Campaigners in Japan are asking people to grow sunflowers, said to help decontaminate radioactive soil, in response to the Fukushima nuclear disaster that followed March's massive quake and tsunami.
Volunteers are being asked to grow sunflowers this year, then send the seeds to the stricken area where they will be planted next year to help get rid of radioactive contaminants in the plant's fallout zone.

Is there any truth to this? I can see planting flowers to help improve morale, but reducing radiation in soil?
 
It's possible that they concentrate and incorporate cesium or some other element that was among the radioactive contaminants.
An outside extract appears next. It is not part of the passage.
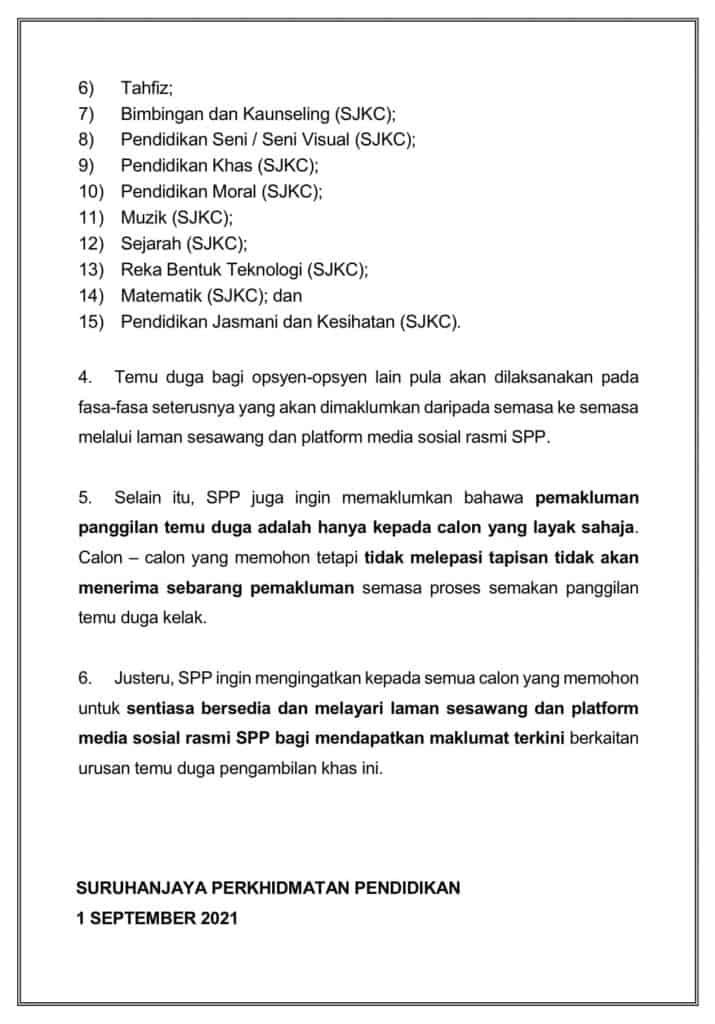 SPP: Semakan Panggilan Temuduga Untuk Pengambilan Guru One-Off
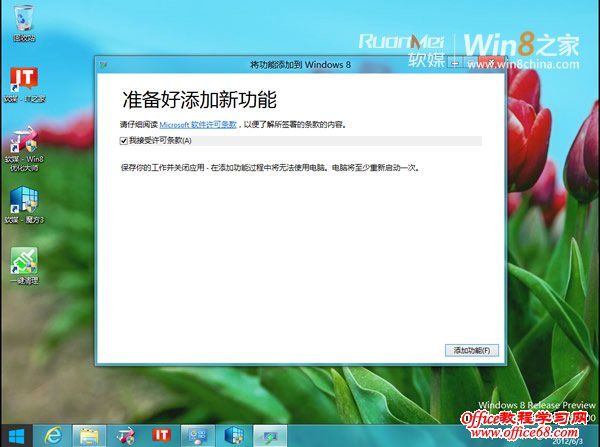 ��װWindows8ϵͳ��ý������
Hopefully they don't concentrate it too much, or we'll have novaflowers.
 
Note to self: Avoid Japanese imported sunflower seeds for a few years.
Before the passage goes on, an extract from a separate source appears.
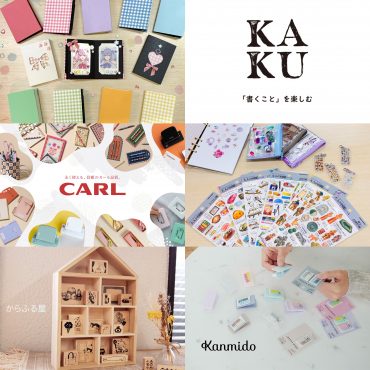 おりがみデザイン　名東紙工（株） KA-KU大阪 カール事務器株式会社 株式会社カミオジャパン からふる屋(挑) カンミ堂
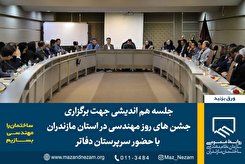 جلسه هم اندیشی جهت برگزاری جشن‌های روز مهندسی در استان مازندران با حضور سرپرستان دفاتر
(Isn't this how Godzilla got started? We could have a new glow-in-the-dark version of Little Shop of Horrors in the making.)
 
I've never heard of sunflowers being used for this, but I've seen phytoremediation used before. Basically you plant a lot of fast-growing trees, which act as pumps and storage containers for contaminants. Once they get to a certain size (or die, depending on which comes first and what the protocol is) you cut them down and send them to specific facilities for disposal. Sunflowers would be a good choice because they're fast-growing--really tall annuals. The only question in my mind is what elements they're hoping the sunflower picks up, and if they are capable of said absorption. And I have to say, I've never been overly impressed with phytoremediation. It never seems to work--for some reason, plants have a hard time growing in badly contaminated soils. :boggled:
 
The campaign, launched by young entrepreneurs and civil servants in Fukushima prefecture last month, aims to cover large areas in yellow blossoms as a symbol of hope and reconstruction and to lure back tourists.
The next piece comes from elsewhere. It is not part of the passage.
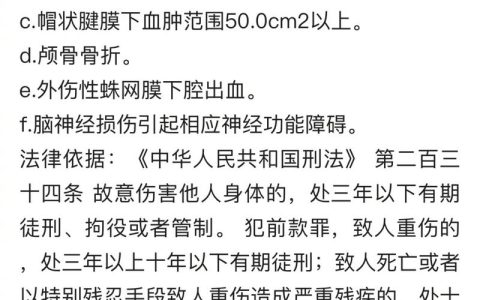 故意伤害致轻伤量刑标准法律规定与实践解析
So no science then. The entrepreneurs had an idea to sell sunflower seeds and the civil servants wanted to get tourists back. And they've made $60,000 already selling the seeds.
 
I've never heard of sunflowers being used for this, but I've seen phytoremediation used before.

That's because you don't read Natural News ;):D :

Phytoremediation: You can grow plants that help eliminate radiation in the soil
(...)
Clean up efforts at Chernobyl after the April of 1986, nuclear explosion included the use of sunflowers that absorbed radionuclides up through their roots from contaminated bodies of water. Phytoremediation in bodies of water is referred to as rhizofiltration. The success of using plants to cleanup radioactive material at Chernobyl gives promise to the use of phytoremediation at Fukushima and at other sites where radioactive materials are present.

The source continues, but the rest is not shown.